What Is Return On Capital Employed (ROCE)?

For those who don't know, ROCE is a measure of a company's yearly pre-tax profit (its return), relative to the capital employed in the business. To calculate this metric for Intuitive Surgical, this is the formula:

Return on Capital Employed = Earnings Before Interest and Tax (EBIT) ÷ (Total Assets - Current Liabilities)

0.13 = US$1.7b ÷ (US$15b - US$1.7b) (Based on the trailing twelve months to September 2023).

So, Intuitive Surgical has an ROCE of 13%. On its own, that's a standard return, however it's much better than the 9.3% generated by the Medical Equipment industry.

See our latest analysis for Intuitive Surgical

roce
NasdaqGS:ISRG Return on Capital Employed December 10th 2023

In the above chart we have measured Intuitive Surgical's prior ROCE against its prior performance, but the future is arguably more important. If you'd like to see what analysts are forecasting going forward, you should check out our free report for Intuitive Surgical.

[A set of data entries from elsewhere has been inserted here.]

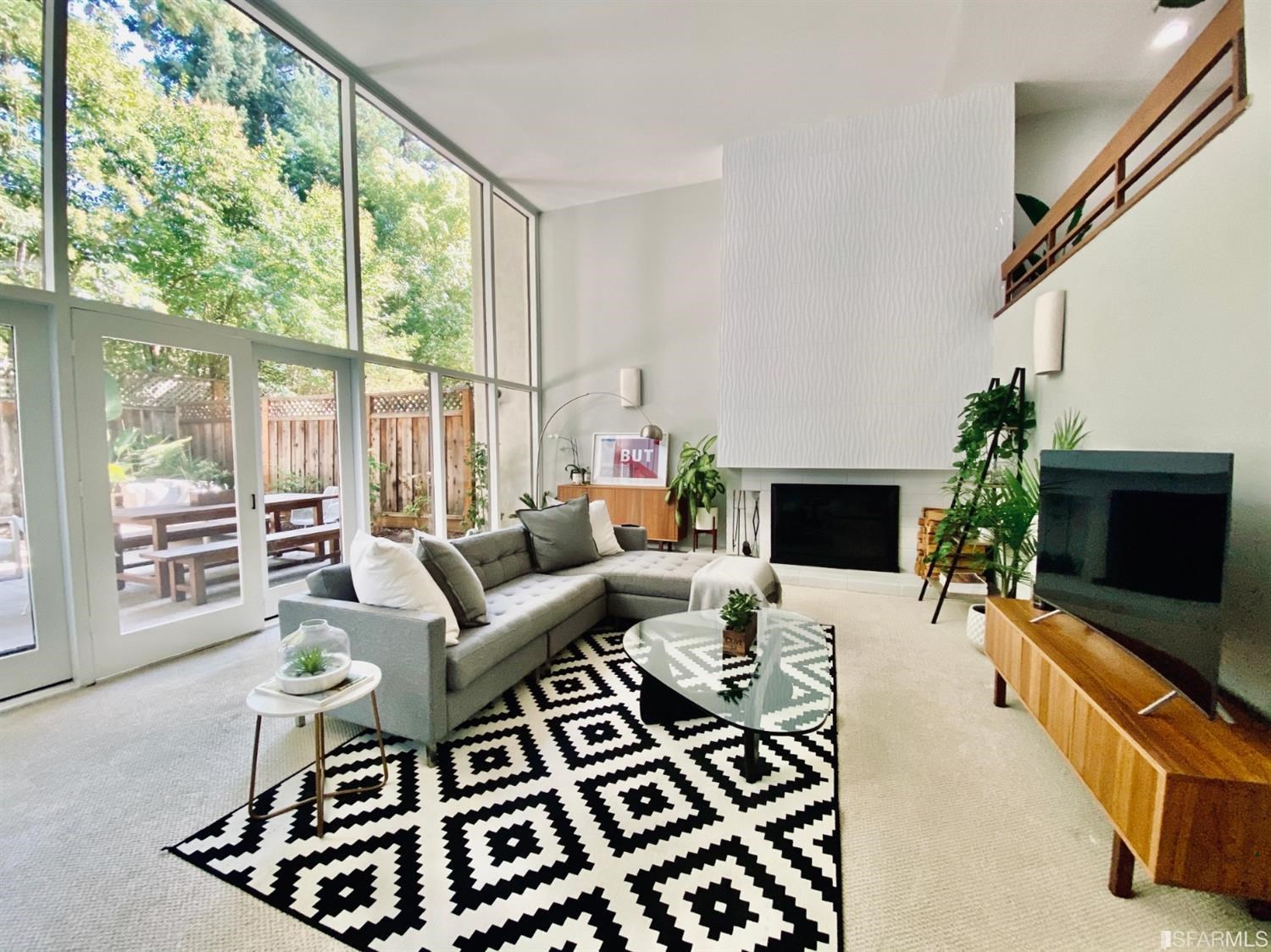 Detail Gallery Image 1 of 1 For 132 Stone Pine Ln, Menlo Park,  CA 94025 - 3 Beds | 2/1 Baths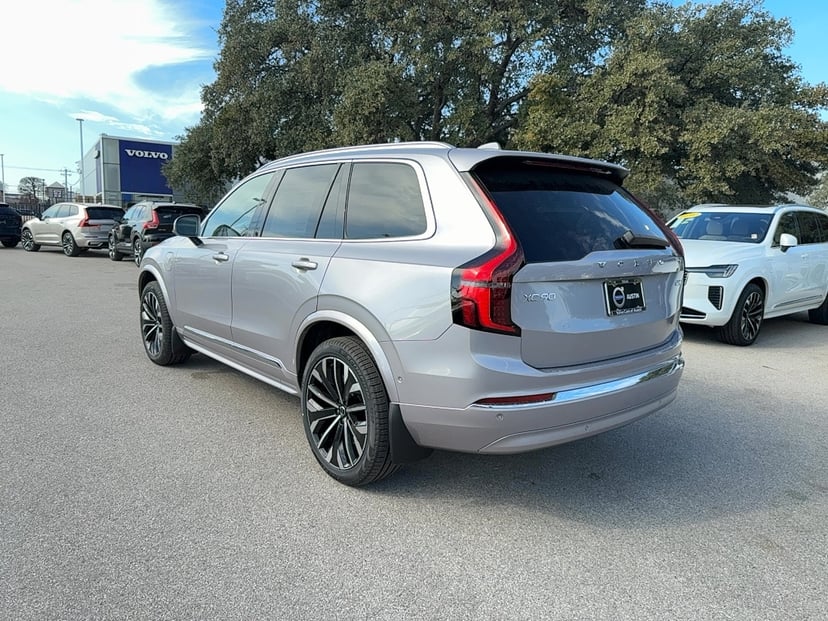 2026 Volvo XC90 plug-in hybrid - Image 2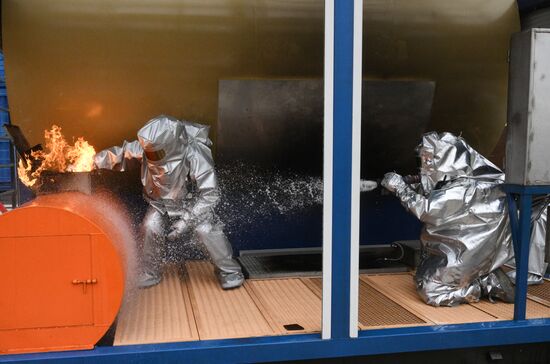 Тренировка пожарных и спасателей Москвы 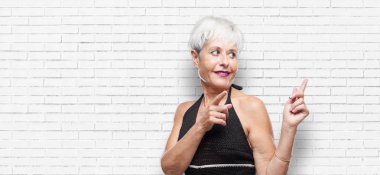 gülümseyen ve dans eğlenceli, hareketli disko müzik mutlu görünüyordu ve neşeli parti havası serin kadın kıdemli.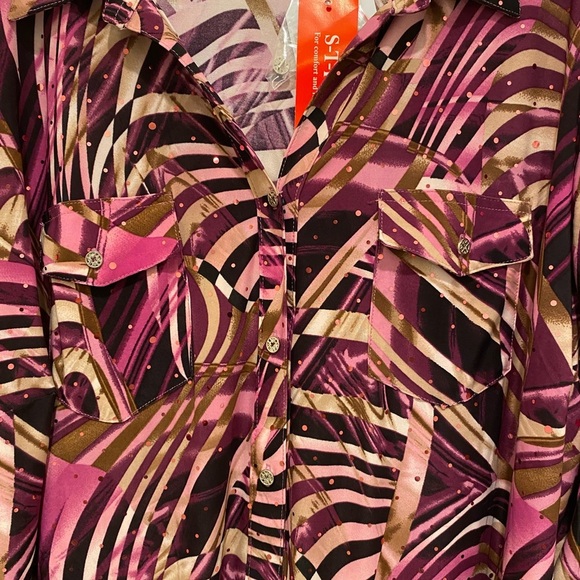 Or best offers Black and Pink Graphic Relaxed Button Down Top - Picture 2 of 5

What Does the ROCE Trend For Intuitive Surgical Tell Us?

On the surface, the trend of ROCE at Intuitive Surgical doesn't inspire confidence. Around five years ago the returns on capital were 19%, but since then they've fallen to 13%. However, given capital employed and revenue have both increased it appears that the business is currently pursuing growth, at the consequence of short term returns. If these investments prove successful, this can bode very well for long term stock performance.

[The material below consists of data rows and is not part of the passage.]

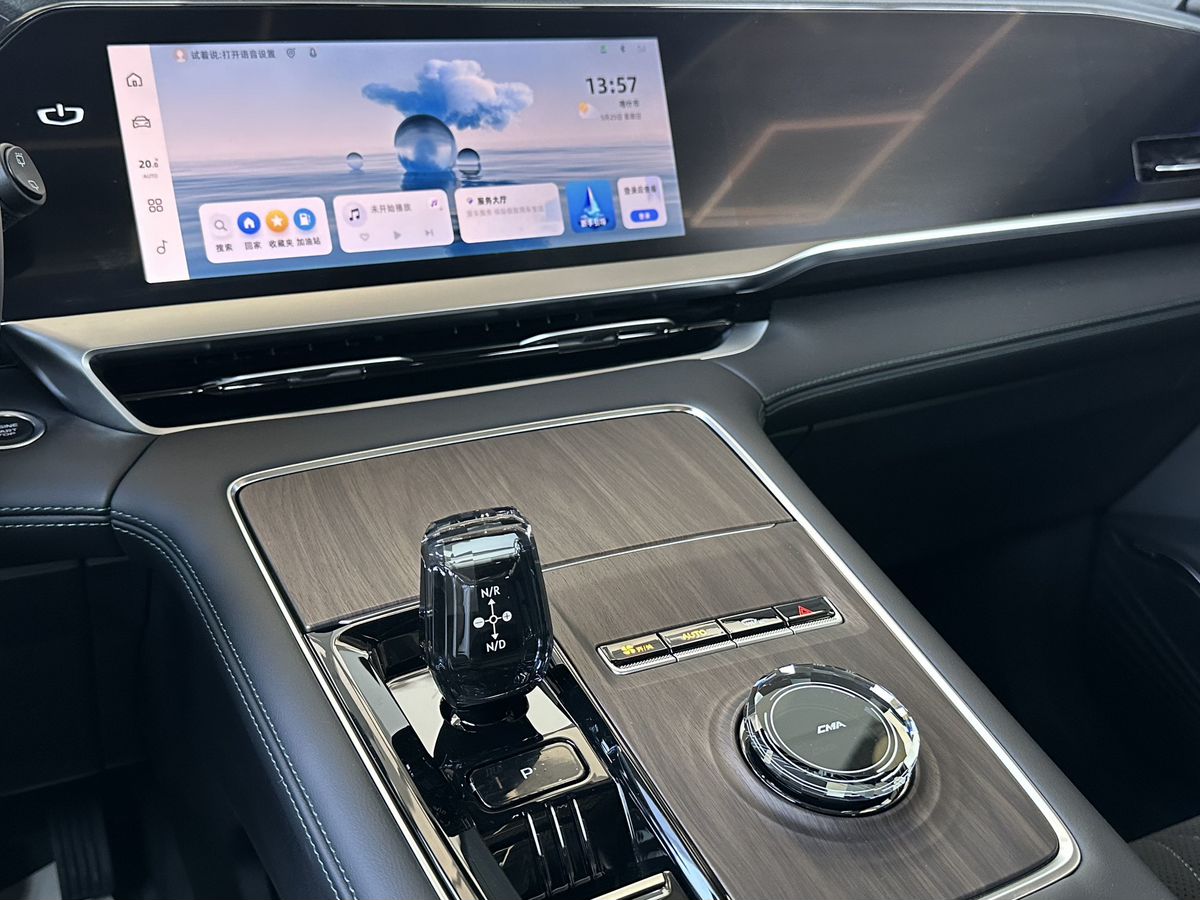 Geely Monjaro 2025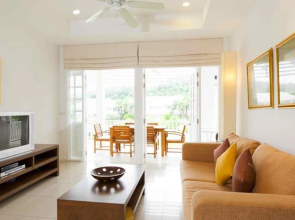 Ocean Breeze Resort & Apartments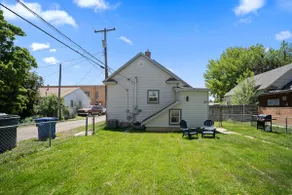 Newly Remodeled House close to downtown Sheridan - Image 2
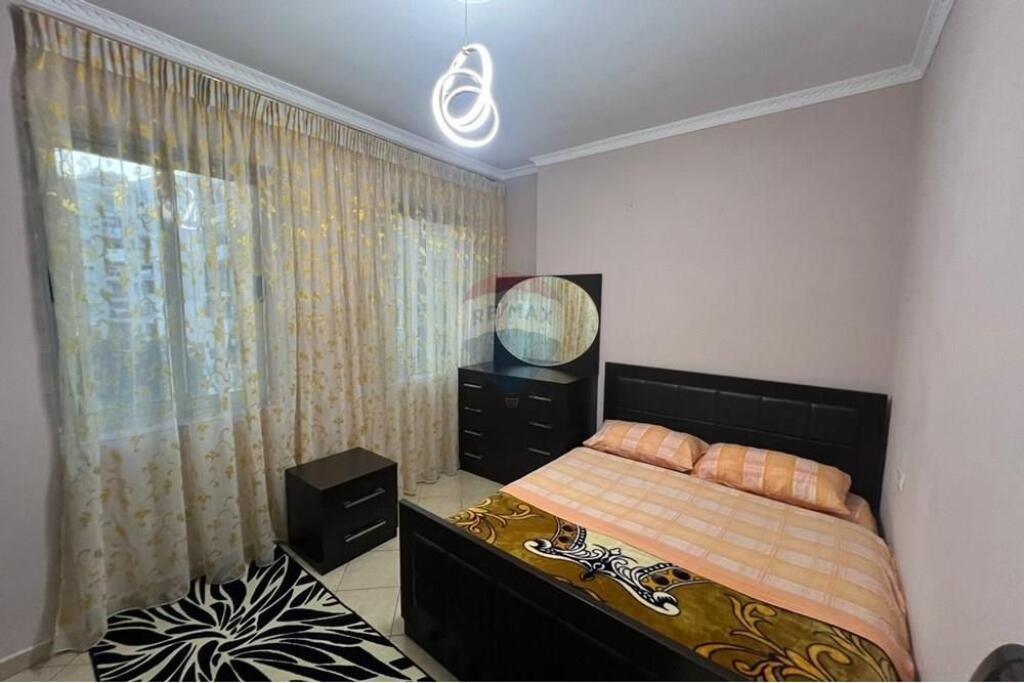 APARTAMENT 1+1, ASTIR PRANE UNAZES.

The Bottom Line On Intuitive Surgical's ROCE

While returns have fallen for Intuitive Surgical in recent times, we're encouraged to see that sales are growing and that the business is reinvesting in its operations. And the stock has followed suit returning a meaningful 89% to shareholders over the last five years. So while investors seem to be recognizing these promising trends, we would look further into this stock to make sure the other metrics justify the positive view.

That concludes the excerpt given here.